→ **What to do**
Each line below from the line with "Press de banca G580 (plegable)" to the line with "Used 2016 Kia" must be copied exactly, including those two, and no picture may appear in the copy.

→ **Data shown**
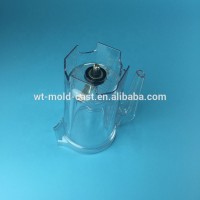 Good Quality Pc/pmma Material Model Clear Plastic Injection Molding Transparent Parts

--

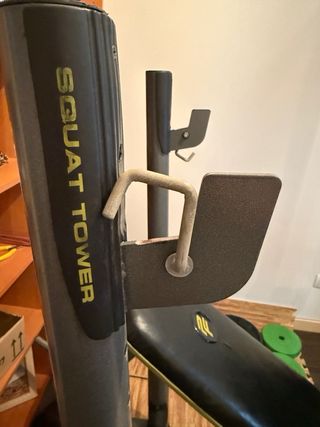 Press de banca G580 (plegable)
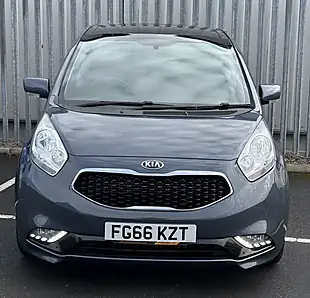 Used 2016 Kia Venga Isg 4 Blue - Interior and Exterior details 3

--

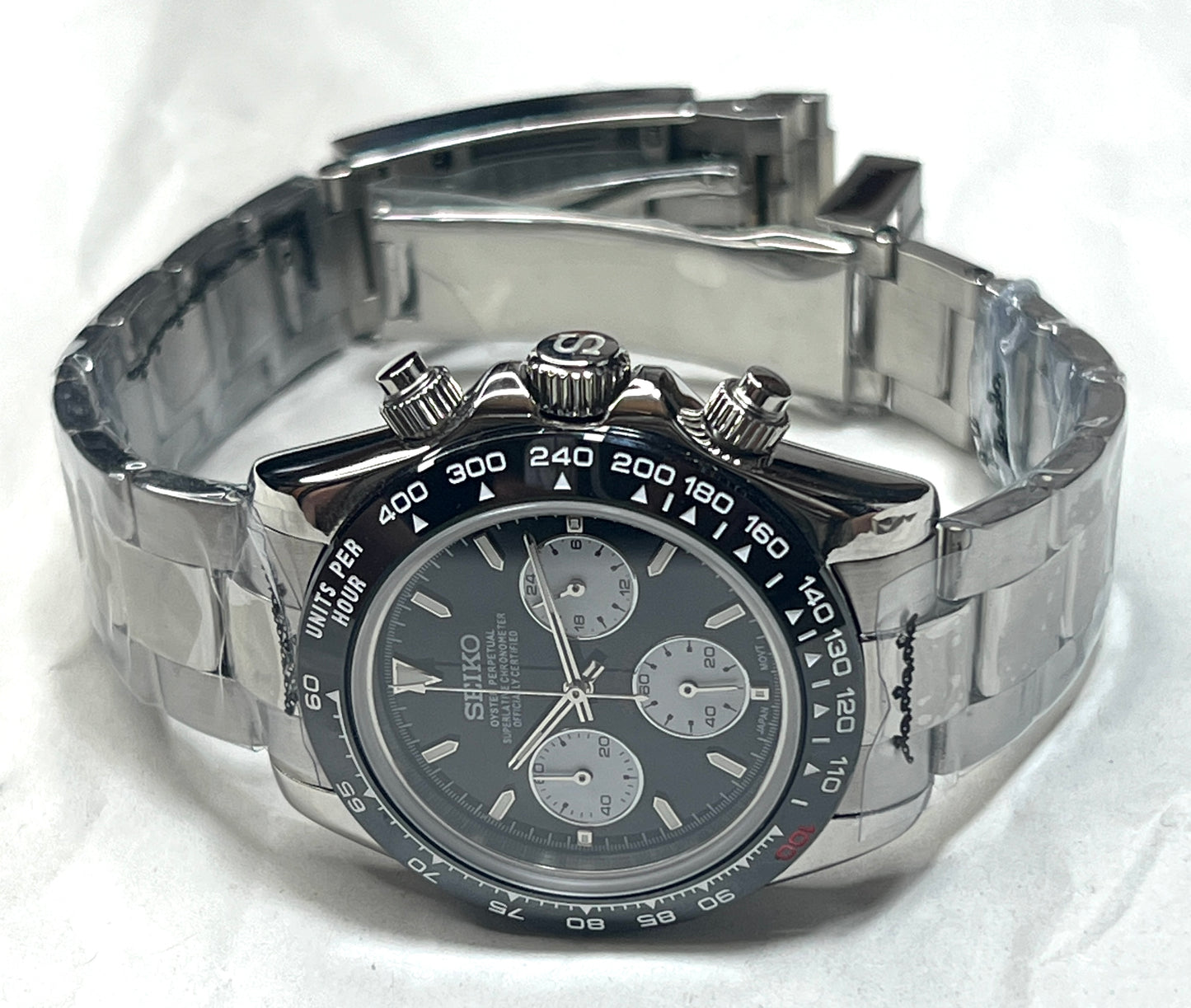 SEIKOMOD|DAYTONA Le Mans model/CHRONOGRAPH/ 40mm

→ **Result for this exercise**
 Press de banca G580 (plegable)
 Used 2016 Kia Venga Isg 4 Blue - Interior and Exterior details 3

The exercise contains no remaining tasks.